Pasé por alto el sarcasmo, aunque la pregunta me dio una idea para más adelante.

– ¿Hay recibo?

– Te lo acabo de leer.

– ¿No dice la fecha y la hora? Casi todos los tickets incluyen la fecha y la hora de la compra. Silencio. Tan largo que me entraron ganas de gritar.

– Madrugada del domingo, doce cincuenta y cuatro.

Cerré los ojos. Mientras Thorson compraba la caja de condones que ni siquiera llegó a abrir, había alguien en su habitación haciendo una llamada telefónica.

– Bueno, Jack. ¿Qué significa esto? -me preguntó Backus.

– Que todo es mentira.

Abrí los ojos y me separé del auricular. Me parecía un objeto extraño adherido a la mano y, lentamente, lo coloqué en su sitio.

Bledsoe estaba todavía en su oficina, y contestó a la primera señal.

– Dan, soy Jack otra vez.

– JackMac, ¿qué hay?

– ¿Te acuerdas de esa cerveza que me ofreciste? Pues he pensado que en vez de eso, podías hacerme otro favor.

– Dalo por hecho.

Le dije lo que quería que hiciera y él no vaciló ni un instante, ni siquiera cuando añadí que tenía que ser inmediatamente. Me advirtió que no podía garantizarme los resultados pero que, en cualquier caso, se pondría en contacto conmigo y lo antes posible.

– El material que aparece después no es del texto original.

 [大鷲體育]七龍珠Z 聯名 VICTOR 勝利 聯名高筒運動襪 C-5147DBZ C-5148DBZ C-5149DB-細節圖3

Pensé en la primera llamada que se hizo cuando Thorson no estaba en su habitación, a la centralita general del centro de Quantico. Cuando llamé desde el avión, no me pareció extraño. Pero ahora sí. ¿Por qué habían de llamar a la centralita en plena noche? Ahora sabía que sólo cabía una respuesta: la persona que llamó no quiso marcar un número directo del centro para no revelar que lo conocía. Por eso llamó a la centralita y, cuando la telefonista reconoció la señal de fax, transfirió la conexión a una de las líneas generales de fax.

Recuerdo que, durante la reunión del domingo por la mañana para hablar del fax del Poeta, Thorson nos contó el trayecto que el fax había recorrido desde Quantico. Había llegado a través de la centralita y posteriormente fue transferido a una máquina de fax.

La telefonista de Quantico me puso con las oficinas del Servicio de Ciencias del Comportamiento sin decir ni mu, cuando llamé preguntando por el agente Brad Hazelton. El teléfono sonó tres veces y ya empezaba a pensar que había llegado tarde, que Brad ya se habría ido a casa, cuando por fin descolgó.

– Brad, soy Jack McEvoy desde Los Angeles.

– Hola Jack, ¿qué tal estás? Ayer te libraste por los pelos, ¿no?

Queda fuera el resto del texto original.